- Task statement: Please give back each line below unchanged; none of the pictures should appear.

Segment Start: Task inputs

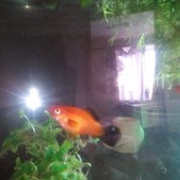 Arsenii zoo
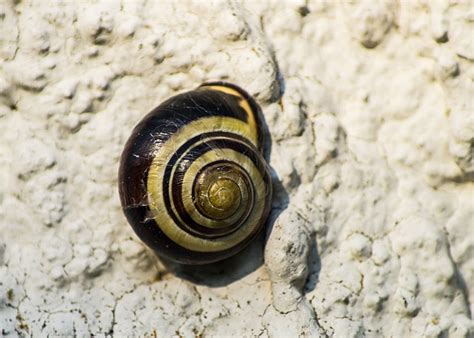 Schnecken Schneckenhaus Natur Kostenloses Foto Auf Pixabay Pixabay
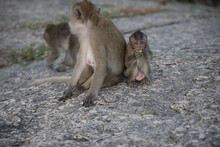 This Unique Photo Shows A Mother Monkey With Her Little Baby. The Baby Monkey Is Eating. These Are Wild Animals In Thailand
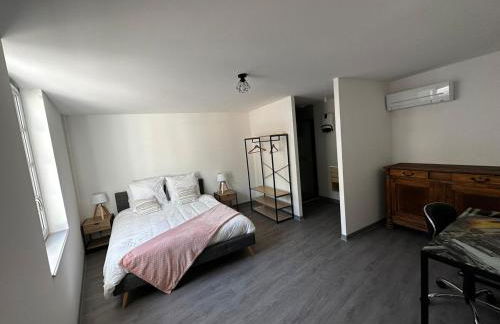 2 pièces parking, plein centre au calme climatisé - Foto 3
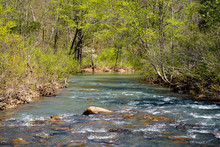 Richland Creek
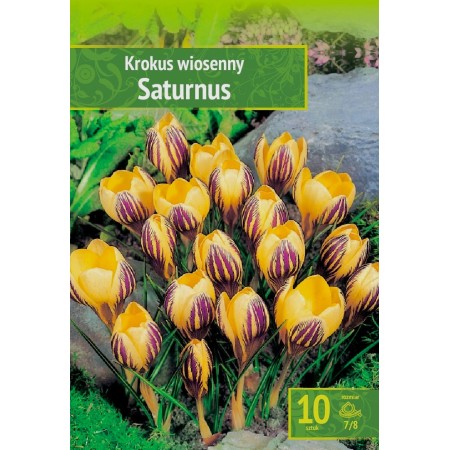 Минзухар Сатурн Crocus Saturnus - 10 бр луковици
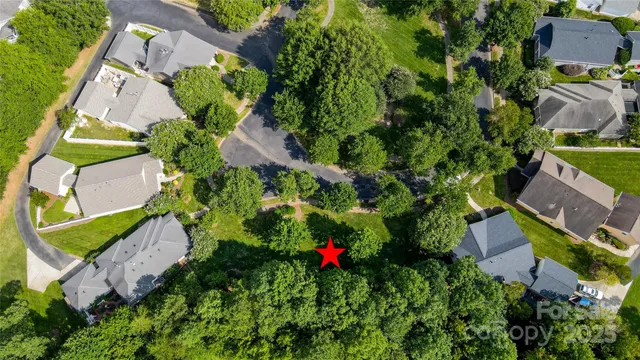 a view of a flower in a garden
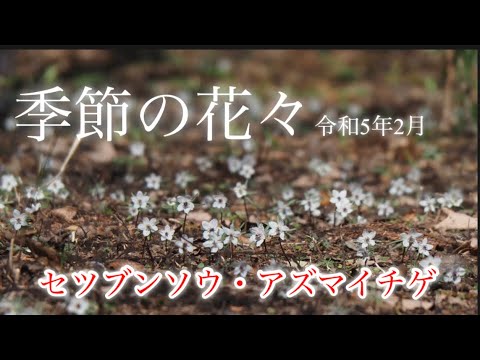 【季節の花々】2月　春の花探し　節分草・アズマイチゲ・カタクリ発芽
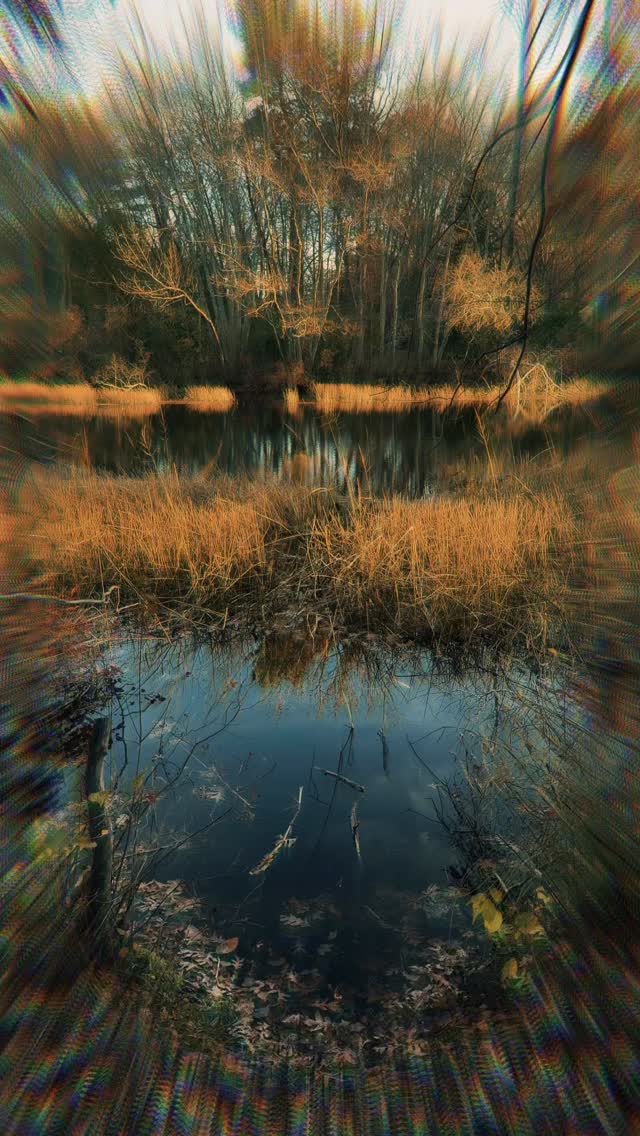 📍 41.6876° N, 71.5588° W
Stuck in a matrix of routine? Shift your lens.
New perspectives crack the code—what you see today rewires what you become tomorrow.
What view will you choose?
ᛃᛟᛞᛖ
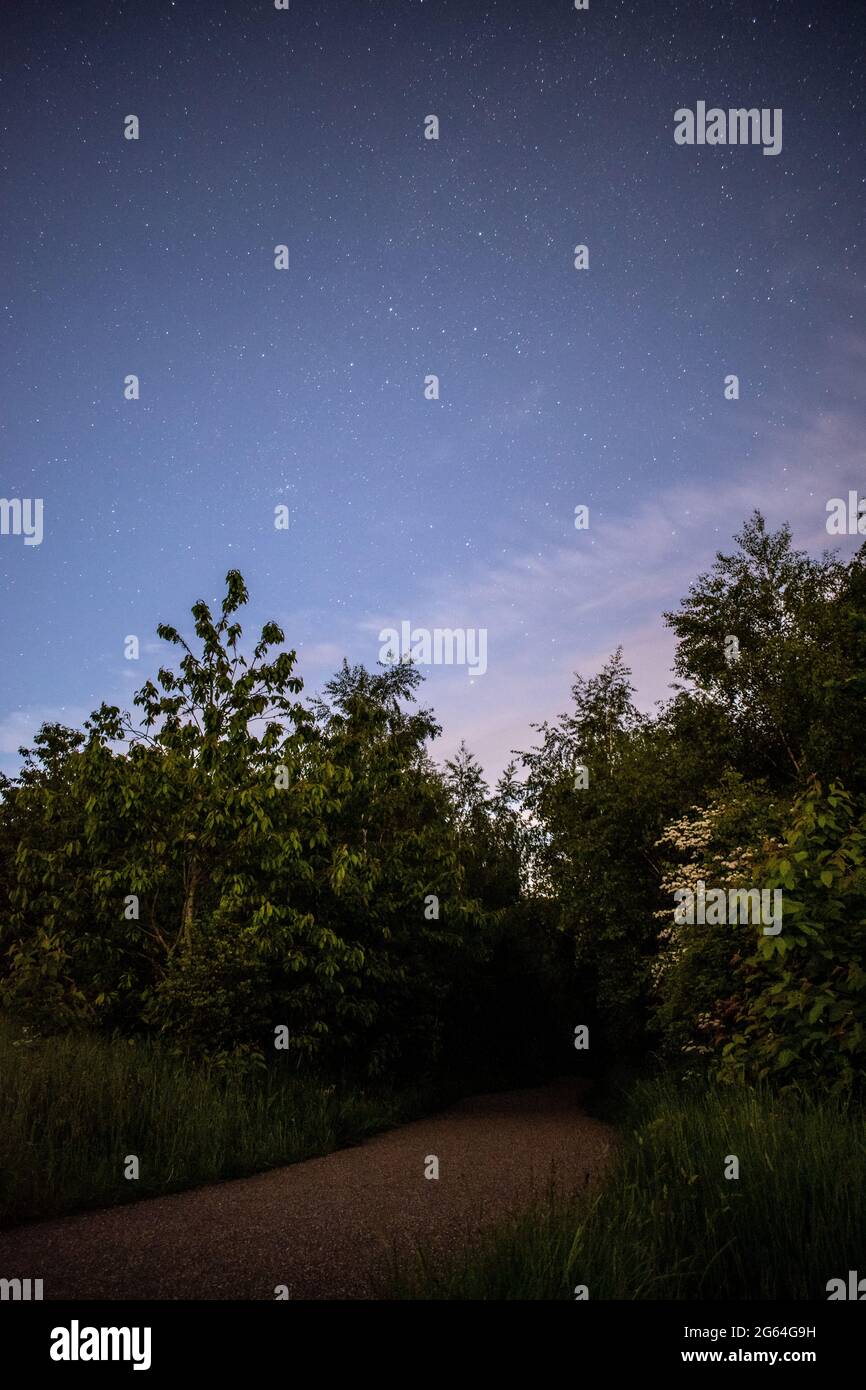 Stars in the night sky on a clear summer's evening. Stock Photo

Segment End: Task inputs

- Task answer:
 Arsenii zoo
 Schnecken Schneckenhaus Natur Kostenloses Foto Auf Pixabay Pixabay
 This Unique Photo Shows A Mother Monkey With Her Little Baby. The Baby Monkey Is Eating. These Are Wild Animals In Thailand
 2 pièces parking, plein centre au calme climatisé - Foto 3
 Richland Creek
 Минзухар Сатурн Crocus Saturnus - 10 бр луковици
 a view of a flower in a garden
 【季節の花々】2月　春の花探し　節分草・アズマイチゲ・カタクリ発芽
 📍 41.6876° N, 71.5588° W
Stuck in a matrix of routine? Shift your lens.
New perspectives crack the code—what you see today rewires what you become tomorrow.
What view will you choose?
ᛃᛟᛞᛖ
 Stars in the night sky on a clear summer's evening. Stock Photo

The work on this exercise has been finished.